EXERCISE REQUIREMENTS:
Omit all pictures, then retype exactly the lines from the one that contains "TCM TCS Isolation" through the end of the listing.
*** TASK INPUT
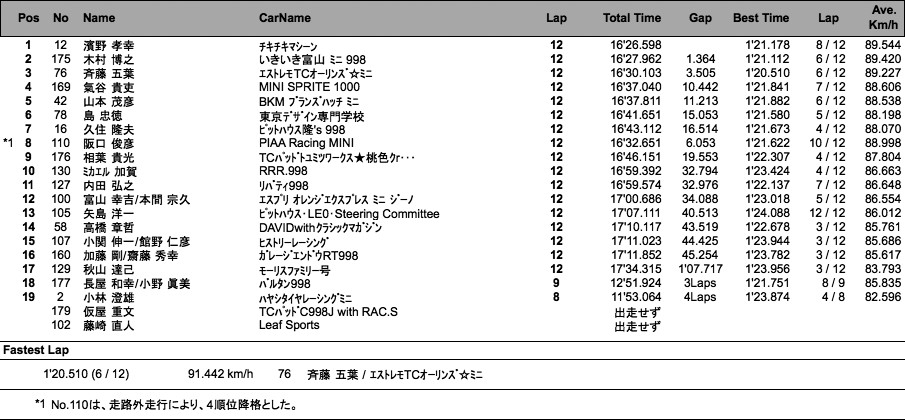 MOTUL 998 チャレンジ ヒート2（決勝）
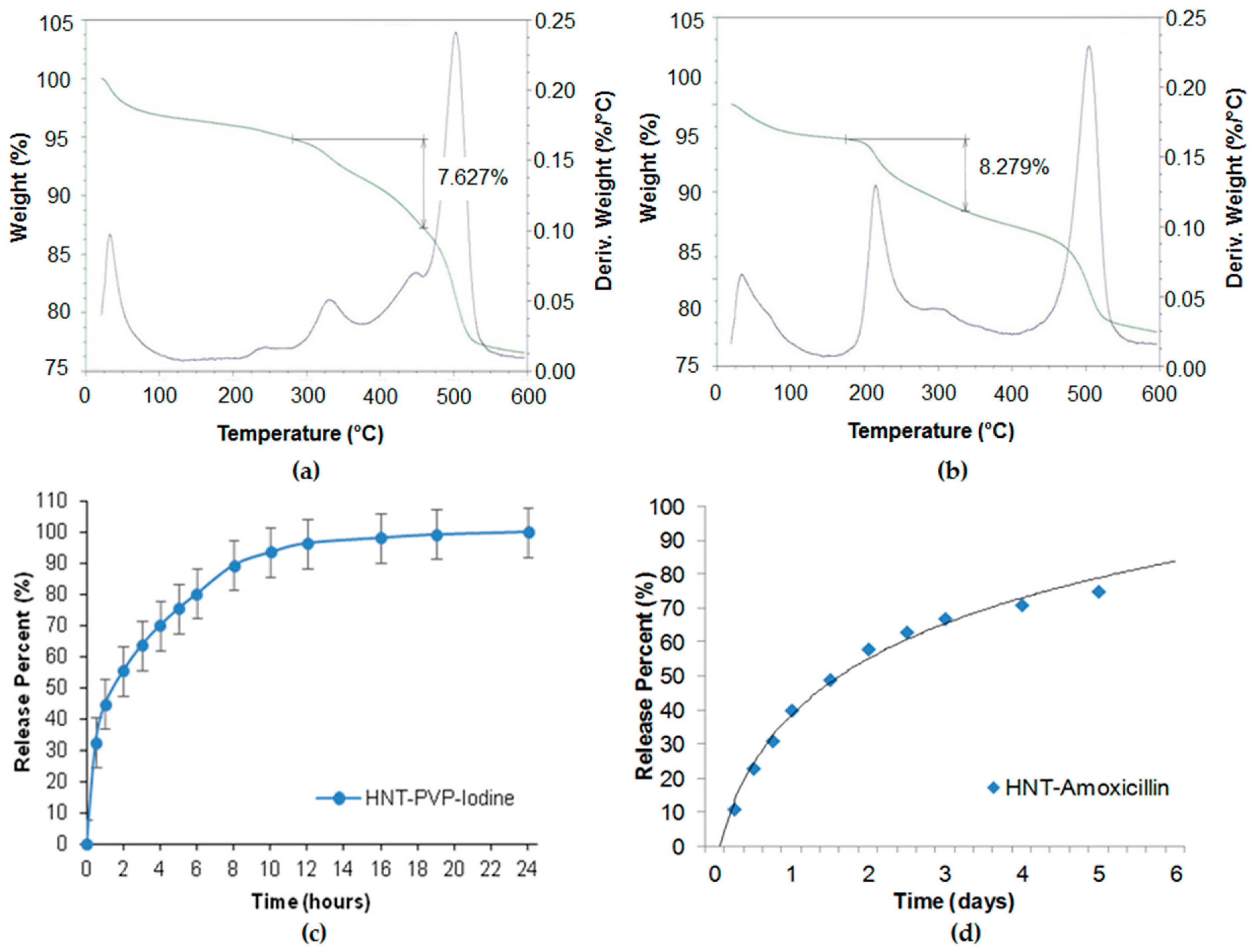 Nanomaterials 09 00708 g004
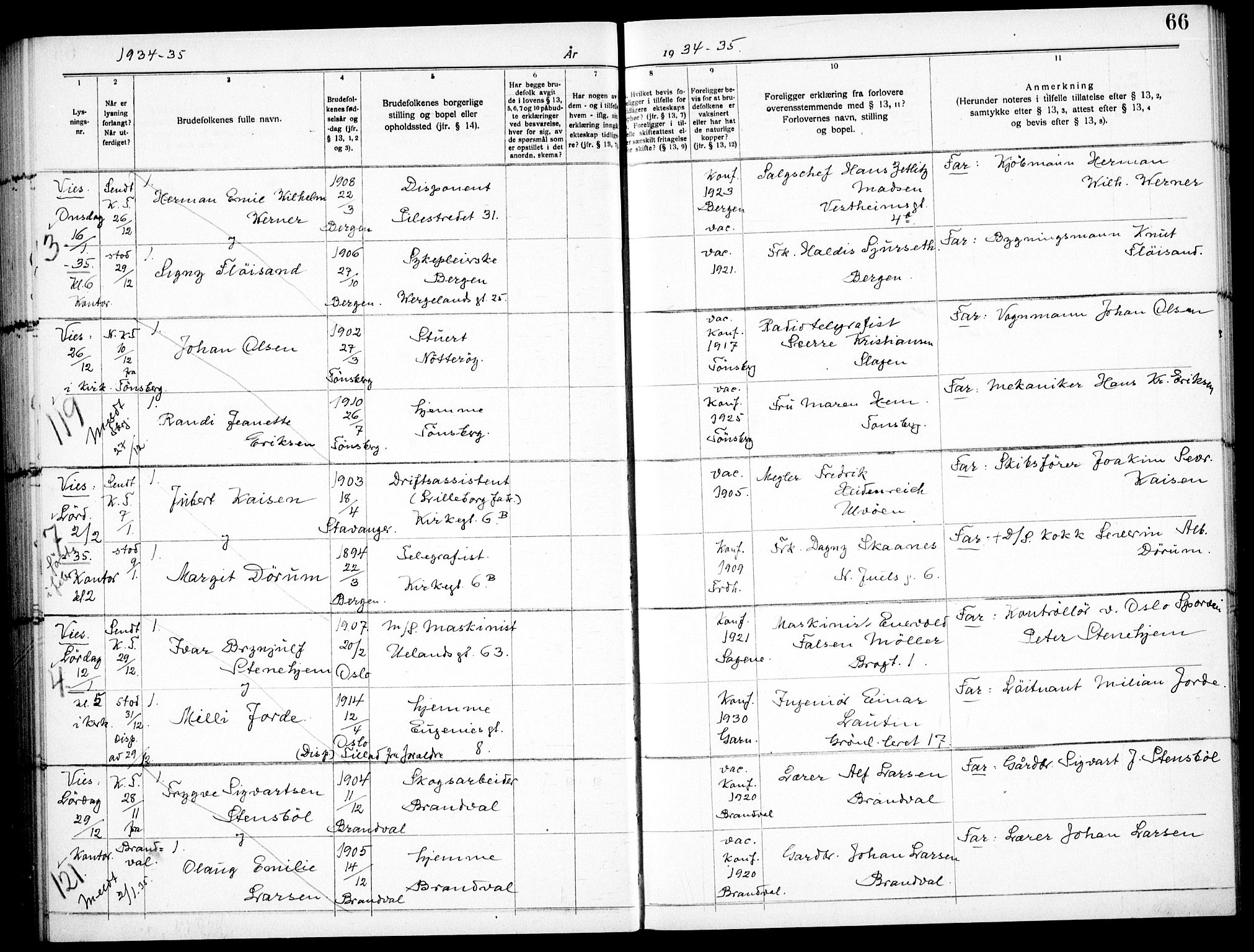 Garnisonsmenigheten Kirkebøker, SAO/A-10846/H/Ha/L0011: Banns register no. I 11, 1932-1936, p. 66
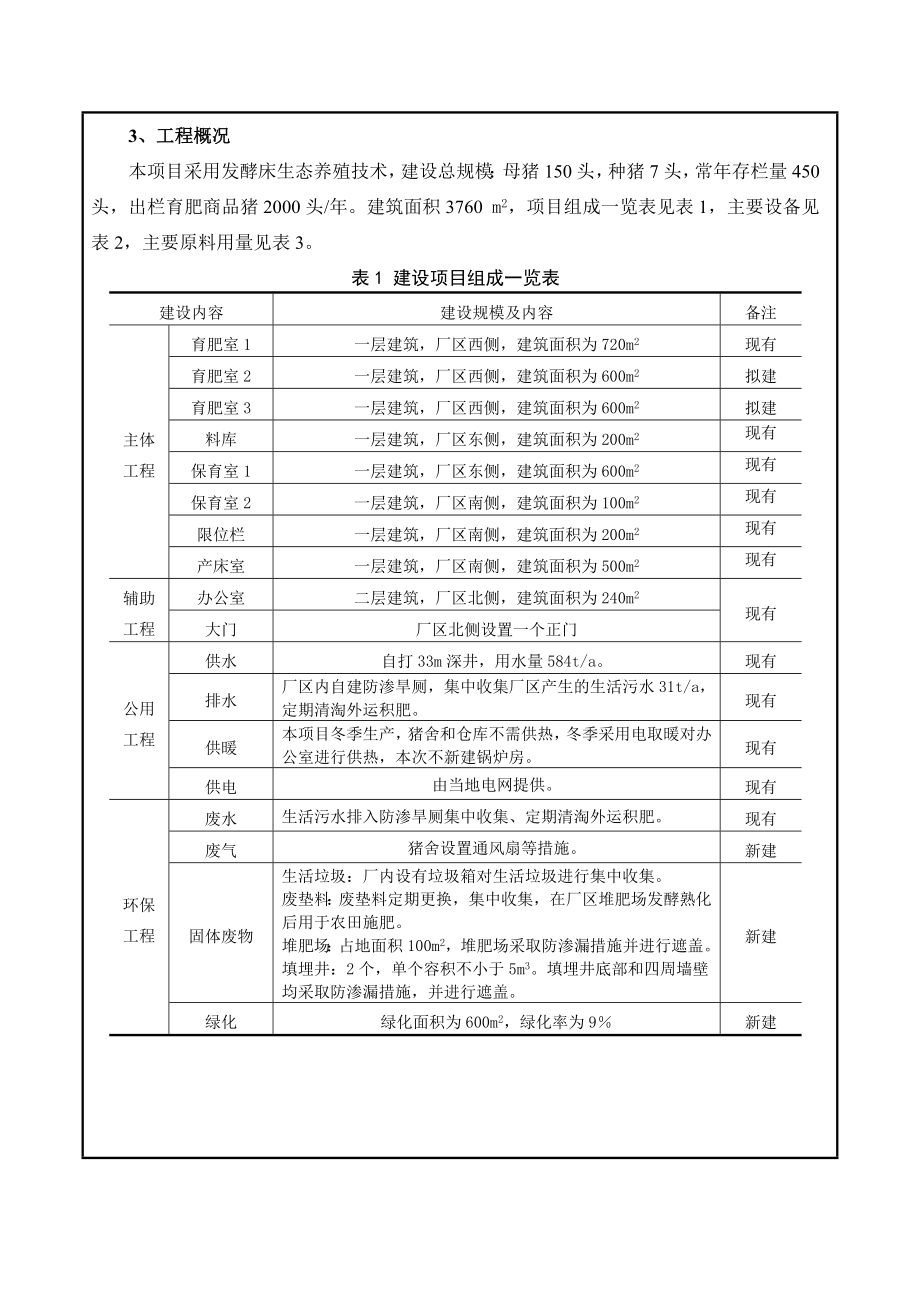 生猪养殖项目环境影响报告表.doc_第2页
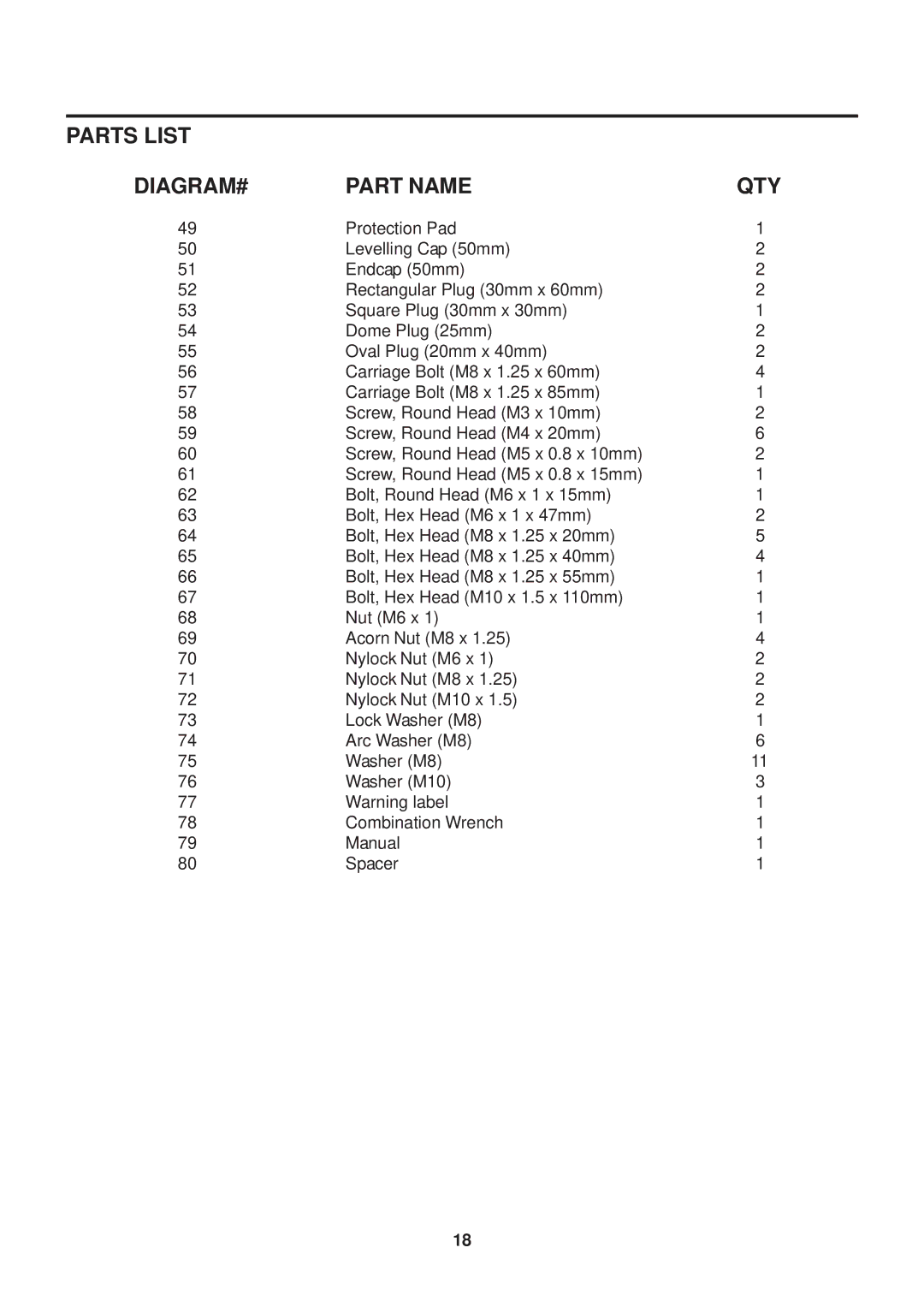 Stamina Products 15-0200 owner manual DIAGRAM# Part Name 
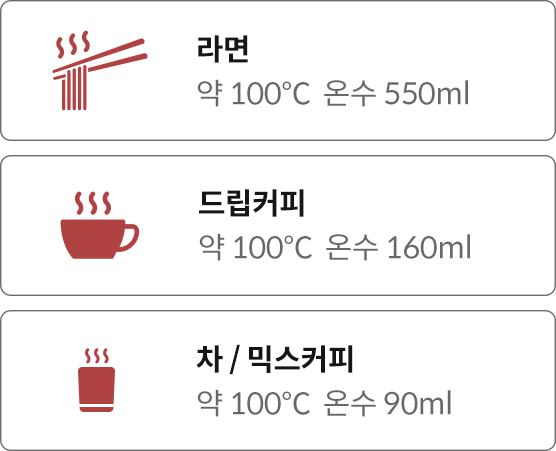 맞춤레시피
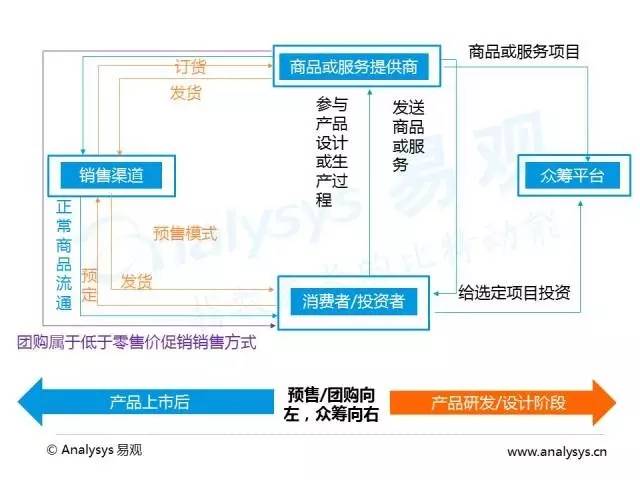 2016中国互联网众筹市场研究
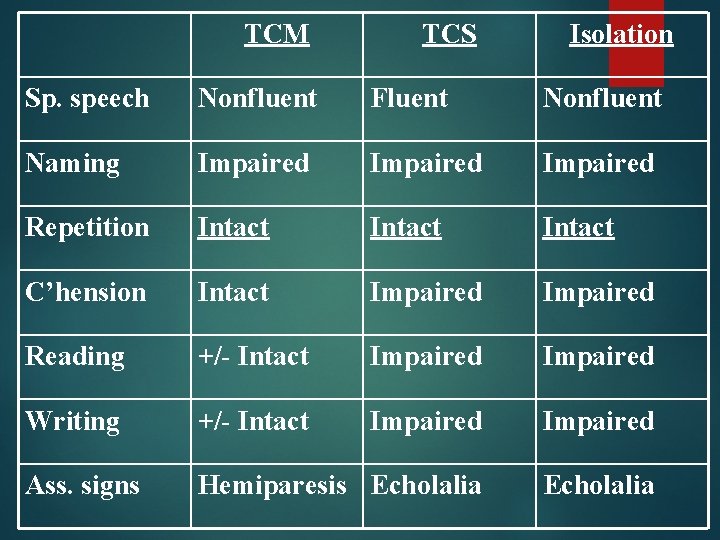 TCM TCS Isolation Sp. speech Nonfluent Fluent Nonfluent Naming Impaired Repetition Intact C’hension Intact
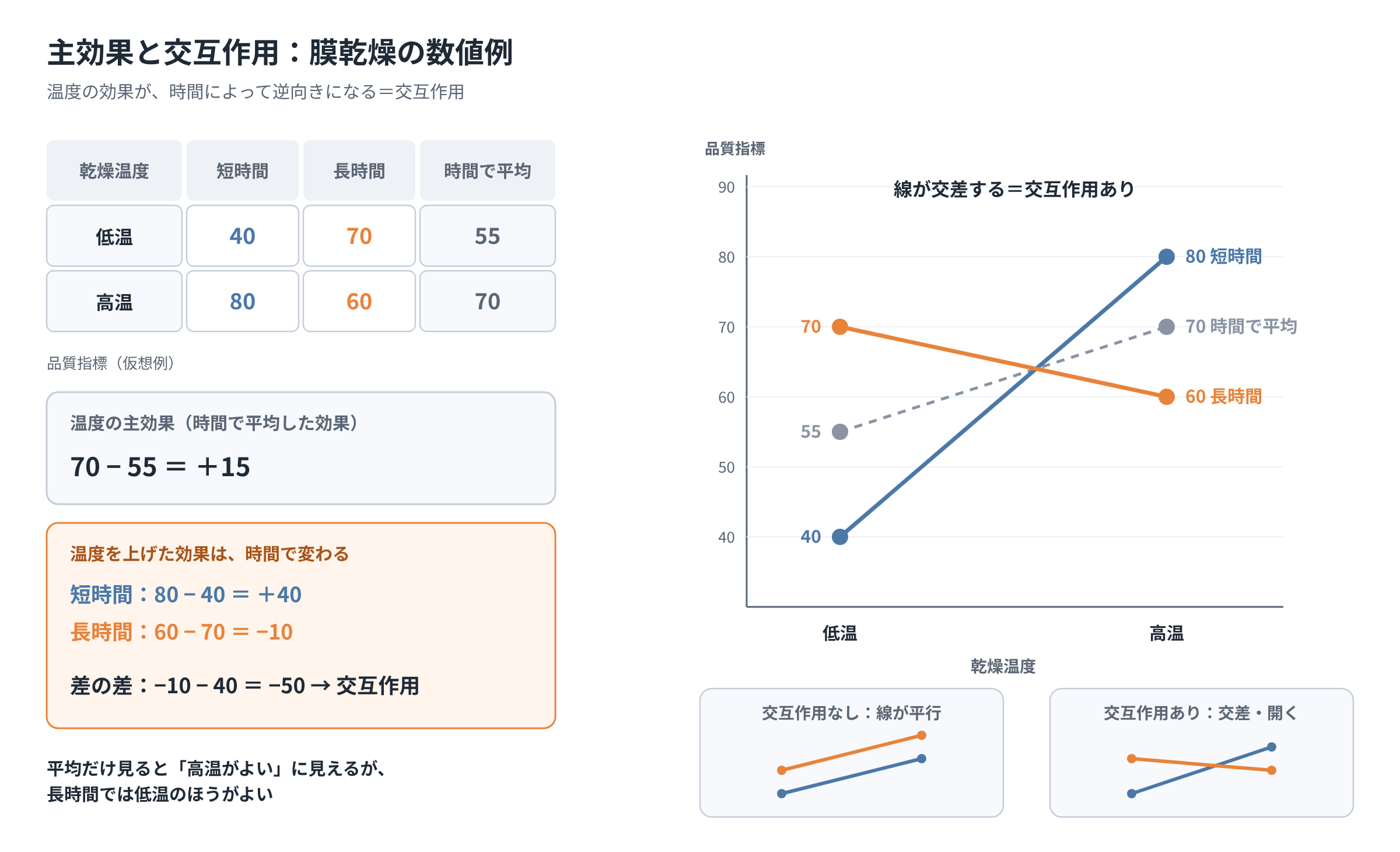 温度の主効果は平均でプラス15だが、短時間でプラス40、長時間でマイナス10となる交互作用の図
******
WRITTEN RESPONSE:
 TCM TCS Isolation Sp. speech Nonfluent Fluent Nonfluent Naming Impaired Repetition Intact C’hension Intact
 温度の主効果は平均でプラス15だが、短時間でプラス40、長時間でマイナス10となる交互作用の図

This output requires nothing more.